[RECORD SET]

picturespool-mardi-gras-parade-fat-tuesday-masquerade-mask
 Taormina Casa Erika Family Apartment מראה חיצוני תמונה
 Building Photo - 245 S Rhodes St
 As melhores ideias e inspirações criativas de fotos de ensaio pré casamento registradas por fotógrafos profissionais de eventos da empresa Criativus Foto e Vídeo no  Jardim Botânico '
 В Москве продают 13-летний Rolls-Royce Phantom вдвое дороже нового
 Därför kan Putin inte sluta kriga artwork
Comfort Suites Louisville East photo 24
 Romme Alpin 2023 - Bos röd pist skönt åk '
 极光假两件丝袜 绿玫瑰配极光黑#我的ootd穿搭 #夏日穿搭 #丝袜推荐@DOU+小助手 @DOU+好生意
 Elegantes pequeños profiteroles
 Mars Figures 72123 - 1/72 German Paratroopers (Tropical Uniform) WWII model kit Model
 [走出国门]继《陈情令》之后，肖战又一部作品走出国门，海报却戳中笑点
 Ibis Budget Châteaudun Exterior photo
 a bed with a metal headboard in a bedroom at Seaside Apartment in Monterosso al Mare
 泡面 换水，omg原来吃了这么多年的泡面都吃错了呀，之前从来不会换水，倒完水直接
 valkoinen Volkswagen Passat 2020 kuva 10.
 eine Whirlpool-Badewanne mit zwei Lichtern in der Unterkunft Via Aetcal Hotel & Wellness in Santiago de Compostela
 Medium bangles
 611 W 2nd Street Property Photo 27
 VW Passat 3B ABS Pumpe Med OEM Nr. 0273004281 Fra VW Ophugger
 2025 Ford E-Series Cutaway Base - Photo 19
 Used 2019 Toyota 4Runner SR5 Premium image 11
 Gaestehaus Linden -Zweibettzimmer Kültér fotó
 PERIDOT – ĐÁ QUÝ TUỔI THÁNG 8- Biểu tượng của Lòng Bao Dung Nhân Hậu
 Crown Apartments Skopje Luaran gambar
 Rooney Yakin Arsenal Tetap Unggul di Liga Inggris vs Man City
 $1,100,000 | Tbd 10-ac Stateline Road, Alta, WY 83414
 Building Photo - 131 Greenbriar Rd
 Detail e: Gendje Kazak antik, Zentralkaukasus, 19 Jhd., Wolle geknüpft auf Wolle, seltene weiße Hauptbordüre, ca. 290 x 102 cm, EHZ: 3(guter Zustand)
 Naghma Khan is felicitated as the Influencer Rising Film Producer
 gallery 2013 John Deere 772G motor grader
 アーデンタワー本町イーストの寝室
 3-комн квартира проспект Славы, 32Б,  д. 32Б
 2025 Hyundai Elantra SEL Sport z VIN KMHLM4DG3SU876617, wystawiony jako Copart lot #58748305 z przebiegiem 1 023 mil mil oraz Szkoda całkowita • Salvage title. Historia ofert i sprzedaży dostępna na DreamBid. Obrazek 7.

[/RECORD SET]

# [TASK TO COMPLETE]
Repeat, exactly as they stand above, the lines from the line with "[走出国门]继《陈情令》之后，肖战又一部作品走出国门，海报却戳中笑点" to the line with "611 W 2nd Street Property Photo 27", both lines included.

# [EXERCISE ANSWER]
 [走出国门]继《陈情令》之后，肖战又一部作品走出国门，海报却戳中笑点
 Ibis Budget Châteaudun Exterior photo
 a bed with a metal headboard in a bedroom at Seaside Apartment in Monterosso al Mare
 泡面 换水，omg原来吃了这么多年的泡面都吃错了呀，之前从来不会换水，倒完水直接
 valkoinen Volkswagen Passat 2020 kuva 10.
 eine Whirlpool-Badewanne mit zwei Lichtern in der Unterkunft Via Aetcal Hotel & Wellness in Santiago de Compostela
 Medium bangles
 611 W 2nd Street Property Photo 27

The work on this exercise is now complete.